Dataset items:
- - - - -
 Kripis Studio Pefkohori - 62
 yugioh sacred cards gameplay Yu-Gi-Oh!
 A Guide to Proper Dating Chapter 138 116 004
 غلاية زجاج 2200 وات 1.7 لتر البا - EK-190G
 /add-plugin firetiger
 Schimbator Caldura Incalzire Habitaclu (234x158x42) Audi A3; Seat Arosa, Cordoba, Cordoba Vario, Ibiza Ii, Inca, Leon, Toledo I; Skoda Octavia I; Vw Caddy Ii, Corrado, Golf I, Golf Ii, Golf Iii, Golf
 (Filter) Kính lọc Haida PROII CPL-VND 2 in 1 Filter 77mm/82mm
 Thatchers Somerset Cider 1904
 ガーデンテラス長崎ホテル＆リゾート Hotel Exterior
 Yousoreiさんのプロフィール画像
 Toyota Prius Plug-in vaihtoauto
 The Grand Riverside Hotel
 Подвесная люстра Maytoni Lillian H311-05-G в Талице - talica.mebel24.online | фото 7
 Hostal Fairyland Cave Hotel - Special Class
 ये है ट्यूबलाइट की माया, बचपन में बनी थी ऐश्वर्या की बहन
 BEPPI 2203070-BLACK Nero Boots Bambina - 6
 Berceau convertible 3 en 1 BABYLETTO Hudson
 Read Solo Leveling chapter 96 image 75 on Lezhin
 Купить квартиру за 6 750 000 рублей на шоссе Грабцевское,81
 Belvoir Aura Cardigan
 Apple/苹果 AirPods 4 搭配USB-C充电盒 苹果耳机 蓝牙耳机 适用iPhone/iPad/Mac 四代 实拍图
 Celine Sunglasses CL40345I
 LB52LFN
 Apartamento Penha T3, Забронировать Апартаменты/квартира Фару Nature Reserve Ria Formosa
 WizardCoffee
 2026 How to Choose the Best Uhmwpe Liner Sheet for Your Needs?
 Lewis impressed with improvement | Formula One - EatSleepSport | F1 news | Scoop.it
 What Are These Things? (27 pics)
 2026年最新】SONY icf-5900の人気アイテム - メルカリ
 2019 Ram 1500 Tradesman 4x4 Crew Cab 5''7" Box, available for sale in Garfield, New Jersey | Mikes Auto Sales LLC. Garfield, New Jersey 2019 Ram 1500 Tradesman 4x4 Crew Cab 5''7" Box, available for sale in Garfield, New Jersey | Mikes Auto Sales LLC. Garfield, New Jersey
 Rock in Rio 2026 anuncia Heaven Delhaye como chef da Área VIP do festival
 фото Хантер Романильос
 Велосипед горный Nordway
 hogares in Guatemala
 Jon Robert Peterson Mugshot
- - - - -
WHAT YOU ARE ASKED TO DO: From the very first line of the data through the line with "Schimbator Caldura Incalzire" in it, please reproduce each line exactly and output nothing more.

SOLUTION FOR THIS EXERCISE:
 Kripis Studio Pefkohori - 62
 yugioh sacred cards gameplay Yu-Gi-Oh!
 A Guide to Proper Dating Chapter 138 116 004
 غلاية زجاج 2200 وات 1.7 لتر البا - EK-190G
 /add-plugin firetiger
 Schimbator Caldura Incalzire Habitaclu (234x158x42) Audi A3; Seat Arosa, Cordoba, Cordoba Vario, Ibiza Ii, Inca, Leon, Toledo I; Skoda Octavia I; Vw Caddy Ii, Corrado, Golf I, Golf Ii, Golf Iii, Golf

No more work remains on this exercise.